TASK TO COMPLETE: Would you output the entries below only from the line containing "Как обклеить трикотажем" through the line containing "Michael Rieger (rechts)", exactly as they stand and with both ends included?

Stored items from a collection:
====

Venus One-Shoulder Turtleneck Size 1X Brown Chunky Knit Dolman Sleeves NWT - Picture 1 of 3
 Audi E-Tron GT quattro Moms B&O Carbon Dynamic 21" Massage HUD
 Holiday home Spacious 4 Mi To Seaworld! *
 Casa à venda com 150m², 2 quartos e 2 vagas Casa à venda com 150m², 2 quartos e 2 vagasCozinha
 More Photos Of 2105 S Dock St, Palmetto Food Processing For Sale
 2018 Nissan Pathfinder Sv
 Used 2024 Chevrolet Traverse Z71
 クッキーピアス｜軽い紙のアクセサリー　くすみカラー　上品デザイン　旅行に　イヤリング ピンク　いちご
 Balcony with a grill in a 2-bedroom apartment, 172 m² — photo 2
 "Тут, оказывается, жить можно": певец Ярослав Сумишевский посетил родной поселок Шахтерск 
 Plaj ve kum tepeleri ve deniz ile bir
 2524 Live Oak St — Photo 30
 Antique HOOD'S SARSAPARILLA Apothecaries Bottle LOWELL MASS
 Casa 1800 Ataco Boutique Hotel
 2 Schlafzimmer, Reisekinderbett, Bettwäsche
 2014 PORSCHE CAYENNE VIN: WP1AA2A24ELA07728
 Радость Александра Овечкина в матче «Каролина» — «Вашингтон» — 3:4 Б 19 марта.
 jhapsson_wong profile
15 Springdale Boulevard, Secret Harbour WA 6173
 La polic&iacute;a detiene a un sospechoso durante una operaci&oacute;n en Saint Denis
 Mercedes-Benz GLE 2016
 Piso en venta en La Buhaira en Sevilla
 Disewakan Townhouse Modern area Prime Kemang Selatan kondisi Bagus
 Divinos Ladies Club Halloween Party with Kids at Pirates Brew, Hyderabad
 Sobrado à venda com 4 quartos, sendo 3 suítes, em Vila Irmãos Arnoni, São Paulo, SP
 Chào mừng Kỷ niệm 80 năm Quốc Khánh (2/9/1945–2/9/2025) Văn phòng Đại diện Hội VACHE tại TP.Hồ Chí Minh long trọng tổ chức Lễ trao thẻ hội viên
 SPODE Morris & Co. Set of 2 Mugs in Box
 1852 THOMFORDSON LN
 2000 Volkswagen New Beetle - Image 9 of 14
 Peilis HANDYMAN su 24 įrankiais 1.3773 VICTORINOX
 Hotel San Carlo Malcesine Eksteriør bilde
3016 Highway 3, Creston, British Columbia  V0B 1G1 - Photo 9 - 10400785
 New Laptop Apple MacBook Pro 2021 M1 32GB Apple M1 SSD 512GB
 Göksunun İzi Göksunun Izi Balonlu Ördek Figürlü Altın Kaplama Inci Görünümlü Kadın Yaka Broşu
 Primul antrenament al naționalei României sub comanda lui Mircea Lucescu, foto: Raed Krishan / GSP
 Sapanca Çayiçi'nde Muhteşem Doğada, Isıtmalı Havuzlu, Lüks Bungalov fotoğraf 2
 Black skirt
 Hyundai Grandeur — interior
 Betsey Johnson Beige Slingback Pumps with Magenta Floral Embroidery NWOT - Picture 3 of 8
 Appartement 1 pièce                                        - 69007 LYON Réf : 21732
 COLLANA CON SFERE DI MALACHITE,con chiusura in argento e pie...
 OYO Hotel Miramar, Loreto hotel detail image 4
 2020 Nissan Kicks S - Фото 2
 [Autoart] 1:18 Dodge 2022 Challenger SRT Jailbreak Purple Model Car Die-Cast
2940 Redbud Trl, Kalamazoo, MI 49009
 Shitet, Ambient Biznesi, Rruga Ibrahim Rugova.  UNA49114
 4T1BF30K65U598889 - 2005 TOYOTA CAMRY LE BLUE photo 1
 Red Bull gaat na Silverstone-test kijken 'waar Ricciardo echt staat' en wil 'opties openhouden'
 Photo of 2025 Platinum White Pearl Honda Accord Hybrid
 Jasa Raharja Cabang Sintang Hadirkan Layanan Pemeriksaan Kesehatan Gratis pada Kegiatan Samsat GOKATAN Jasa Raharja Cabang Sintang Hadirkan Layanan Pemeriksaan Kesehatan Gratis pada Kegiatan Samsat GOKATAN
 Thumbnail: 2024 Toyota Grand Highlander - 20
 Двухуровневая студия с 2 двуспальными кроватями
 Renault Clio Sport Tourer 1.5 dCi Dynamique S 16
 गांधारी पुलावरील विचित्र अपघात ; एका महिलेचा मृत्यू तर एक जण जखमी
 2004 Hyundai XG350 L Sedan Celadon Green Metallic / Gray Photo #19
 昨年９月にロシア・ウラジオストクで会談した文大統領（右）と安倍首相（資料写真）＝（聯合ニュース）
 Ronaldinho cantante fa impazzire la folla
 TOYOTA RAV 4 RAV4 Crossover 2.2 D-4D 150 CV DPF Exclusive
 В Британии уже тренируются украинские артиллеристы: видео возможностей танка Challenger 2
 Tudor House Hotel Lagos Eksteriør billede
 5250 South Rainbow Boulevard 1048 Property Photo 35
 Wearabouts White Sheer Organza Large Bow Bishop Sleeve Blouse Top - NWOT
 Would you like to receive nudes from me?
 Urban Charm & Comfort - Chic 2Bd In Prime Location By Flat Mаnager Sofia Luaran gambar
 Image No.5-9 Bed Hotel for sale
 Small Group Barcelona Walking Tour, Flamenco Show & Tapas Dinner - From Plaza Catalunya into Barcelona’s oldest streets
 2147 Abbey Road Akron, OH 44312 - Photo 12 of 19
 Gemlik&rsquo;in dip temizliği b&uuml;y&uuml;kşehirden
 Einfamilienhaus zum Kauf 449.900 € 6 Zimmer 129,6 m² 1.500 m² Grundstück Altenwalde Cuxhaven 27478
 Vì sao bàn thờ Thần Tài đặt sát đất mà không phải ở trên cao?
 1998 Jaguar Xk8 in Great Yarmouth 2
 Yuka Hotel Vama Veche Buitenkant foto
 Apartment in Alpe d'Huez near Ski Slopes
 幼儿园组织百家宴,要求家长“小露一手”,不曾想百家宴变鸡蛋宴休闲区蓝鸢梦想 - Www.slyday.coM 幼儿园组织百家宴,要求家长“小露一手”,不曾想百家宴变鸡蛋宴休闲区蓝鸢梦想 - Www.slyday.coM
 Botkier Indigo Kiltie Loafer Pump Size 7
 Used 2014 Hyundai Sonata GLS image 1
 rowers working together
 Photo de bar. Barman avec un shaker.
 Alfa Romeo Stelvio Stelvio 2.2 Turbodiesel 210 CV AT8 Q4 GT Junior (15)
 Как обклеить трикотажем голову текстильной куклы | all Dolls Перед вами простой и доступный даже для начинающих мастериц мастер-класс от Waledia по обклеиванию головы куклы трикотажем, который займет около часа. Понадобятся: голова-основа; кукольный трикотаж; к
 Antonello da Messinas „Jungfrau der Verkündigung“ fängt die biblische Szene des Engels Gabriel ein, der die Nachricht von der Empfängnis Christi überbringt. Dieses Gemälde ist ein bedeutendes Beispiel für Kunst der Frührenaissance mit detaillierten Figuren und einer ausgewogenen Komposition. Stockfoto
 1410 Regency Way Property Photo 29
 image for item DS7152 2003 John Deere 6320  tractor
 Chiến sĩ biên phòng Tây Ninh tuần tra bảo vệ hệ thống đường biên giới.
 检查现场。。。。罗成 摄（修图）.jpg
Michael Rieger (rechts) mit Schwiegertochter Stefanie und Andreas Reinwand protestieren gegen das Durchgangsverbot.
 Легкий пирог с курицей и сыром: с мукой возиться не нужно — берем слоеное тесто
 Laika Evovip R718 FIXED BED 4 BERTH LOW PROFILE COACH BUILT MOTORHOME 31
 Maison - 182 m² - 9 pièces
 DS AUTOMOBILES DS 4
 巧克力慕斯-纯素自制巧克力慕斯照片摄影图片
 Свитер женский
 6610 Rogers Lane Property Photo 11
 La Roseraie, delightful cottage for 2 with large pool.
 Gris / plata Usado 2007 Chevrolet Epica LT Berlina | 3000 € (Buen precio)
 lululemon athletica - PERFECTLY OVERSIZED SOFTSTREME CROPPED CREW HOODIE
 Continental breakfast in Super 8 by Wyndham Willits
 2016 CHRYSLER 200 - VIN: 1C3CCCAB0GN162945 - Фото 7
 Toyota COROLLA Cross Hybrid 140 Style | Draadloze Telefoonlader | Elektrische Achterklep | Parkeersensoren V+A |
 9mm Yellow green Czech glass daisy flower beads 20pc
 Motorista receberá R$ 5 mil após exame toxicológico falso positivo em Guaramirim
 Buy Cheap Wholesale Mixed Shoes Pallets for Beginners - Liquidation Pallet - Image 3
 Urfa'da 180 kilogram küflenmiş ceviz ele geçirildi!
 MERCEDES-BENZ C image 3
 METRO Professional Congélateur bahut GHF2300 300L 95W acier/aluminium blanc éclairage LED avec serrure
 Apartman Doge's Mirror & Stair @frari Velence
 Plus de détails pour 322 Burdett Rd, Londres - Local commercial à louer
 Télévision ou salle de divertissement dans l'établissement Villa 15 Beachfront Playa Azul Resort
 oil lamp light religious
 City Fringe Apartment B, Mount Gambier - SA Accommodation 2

====

RESULT OF THE TASK:
 Как обклеить трикотажем голову текстильной куклы | all Dolls Перед вами простой и доступный даже для начинающих мастериц мастер-класс от Waledia по обклеиванию головы куклы трикотажем, который займет около часа. Понадобятся: голова-основа; кукольный трикотаж; к
 Antonello da Messinas „Jungfrau der Verkündigung“ fängt die biblische Szene des Engels Gabriel ein, der die Nachricht von der Empfängnis Christi überbringt. Dieses Gemälde ist ein bedeutendes Beispiel für Kunst der Frührenaissance mit detaillierten Figuren und einer ausgewogenen Komposition. Stockfoto
 1410 Regency Way Property Photo 29
 image for item DS7152 2003 John Deere 6320  tractor
 Chiến sĩ biên phòng Tây Ninh tuần tra bảo vệ hệ thống đường biên giới.
 检查现场。。。。罗成 摄（修图）.jpg
Michael Rieger (rechts) mit Schwiegertochter Stefanie und Andreas Reinwand protestieren gegen das Durchgangsverbot.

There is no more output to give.